Austin just confirmed nothing is being done with the forum. Do you think there's a problem, havasu?


----------



## Maryellen (Jan 21, 2015)

There is definitely a change. I logged out and back in and it's new.


----------



## Maryellen (Jan 21, 2015)

I keep seeing all these ads. I wonder if it's in desktop mode or Mobile mode?I did nothing to change it and can't figure it out


----------



## robin416 (Sep 8, 2013)

Nannypatty can't log in at all and what she could see of the forum she said it was different.


----------



## Nm156 (May 16, 2015)

I know on my PC there is mega ads,when logged in there isn't as many ads.Before I installed adblock it was sucking 3-4 gigs of data a month...


----------



## nannypattyrn (Aug 23, 2015)

It's all changed on my end. Bigger font, more ads , new formatting. I'm going to have to get used to it.
Slower response time.


----------



## robin416 (Sep 8, 2013)

Patty, is the whole thing different? Can you do a screen shot so we can see what it looks like?


----------



## Maryellen (Jan 21, 2015)

My screen shot


----------



## Maryellen (Jan 21, 2015)




----------



## robin416 (Sep 8, 2013)

Do you always use a phone and not a computer?
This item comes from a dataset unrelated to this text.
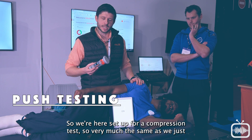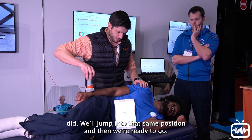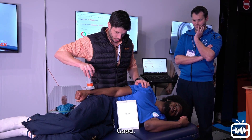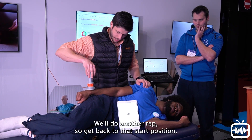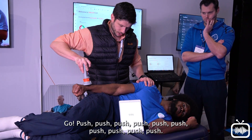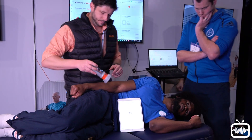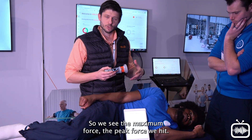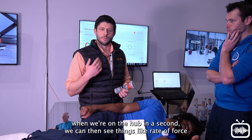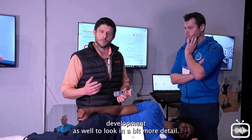We're set up here for a compression test — very much the same position as just done. Three, two, one — push — and relax. We'll do another rep — three, two, one — push — and relax. When we upload that data, we see the maximum peak force we hit, as well as the average of those reps completed. When we're on the hub, we can then also see things like rate of force development in more detail.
Computer, tablets and phones can be apples and oranges when it comes to page comparisons.

I don't see ads on my phone. I also have an ad blocker on it. I have both the app and the link to the forum on my phone for when I'm away from the computer. I prefer to use the forum link over the app.


----------



## nannypattyrn (Aug 23, 2015)

I use both my phone and my tablet. They have both changed.
Maryellens is the same as mine.


----------



## Maryellen (Jan 21, 2015)

My cell and laptop changed


----------



## Frankie (May 27, 2016)

I think it's changing for everyone. Mine is the new format on all my devices.


----------



## chickenqueen (Jan 9, 2016)

Mine hasn't changed but other sites have.


----------



## havasu (Jun 21, 2012)

I was unaware you were referring to the Chicken Forum on the app, via a cell phone. Yes, they are doing work on the apps. Sometimes, you get better results by eliminating the app, then reinstalling the app again.


----------



## seminole wind (Aug 22, 2015)

Check and make sure that your cell or tablet is set to "desk top version" . I just logged in and logged out and nothing's changed.


----------



## nannypattyrn (Aug 23, 2015)

How do you set it to desk top?


----------



## Maryellen (Jan 21, 2015)

Yeah I need desk top I'm so not liking this new look


----------



## robin416 (Sep 8, 2013)

Check for an adblock app, I have one on my phone that is pretty effective.


----------



## Maryellen (Jan 21, 2015)

I changed my settings , it's ok but I really want the old way lol


----------



## nannypattyrn (Aug 23, 2015)

I put an ad lock on, but it didn't work. At this point I find a lot of the ads more than suggestive..I really don't like the new changes and I will be weighing whether to continue CF .


----------



## Maryellen (Jan 21, 2015)

Yeah the soft porn ads are a real turnoff to me


----------



## havasu (Jun 21, 2012)

I've flipped a few switches. Is this any better?


----------



## seminole wind (Aug 22, 2015)

OMG! Soft porn? We will be working on that one quickly.


----------



## nannypattyrn (Aug 23, 2015)

From what I can see this morning, it's better. Thx!


----------



## Maryellen (Jan 21, 2015)

It's a bit better


----------



## chickenqueen (Jan 9, 2016)

No fair!!!I didn't see any soft porn...


----------



## havasu (Jun 21, 2012)

If anyone can identify the soft porn you are receiving, please either screen shot it and place it here, or describe the company who is promoting this, so we can have it removed immediately. ALso, CMG management has been contacted regarding this uncalled for crap.


----------



## seminole wind (Aug 22, 2015)

Was it chicken porn?


----------



## robin416 (Sep 8, 2013)

One of the things I was told was an ad for breast implants.


----------



## Maryellen (Jan 21, 2015)

As soon as I saw it I logged out and went to another forum. The ads are always changing and I haven't seen it since..


----------



## havasu (Jun 21, 2012)

Anyone who saw this soft porn and was annoyed, please let me know and I will upgrade your membership to an ad free premium version


----------



## nannypattyrn (Aug 23, 2015)

I did for sure,havsau. Pretty much the same as Maryellen.


----------



## Maryellen (Jan 21, 2015)

I haven't seen any gross ads anymore whew . Thank you administration! !


----------



## havasu (Jun 21, 2012)

Glad to hear this. Please report if this occurs again.


----------



## CFAdmin (Dec 16, 2015)

It also helps if I get a url so I know which ad to block. Sorry for the softcore porn. That's uncalled for and we will correct it.


----------



## nannypattyrn (Aug 23, 2015)

It's back but I don't know how to get the url for you. It is flipping around tge different areas on the forum.


----------



## robin416 (Sep 8, 2013)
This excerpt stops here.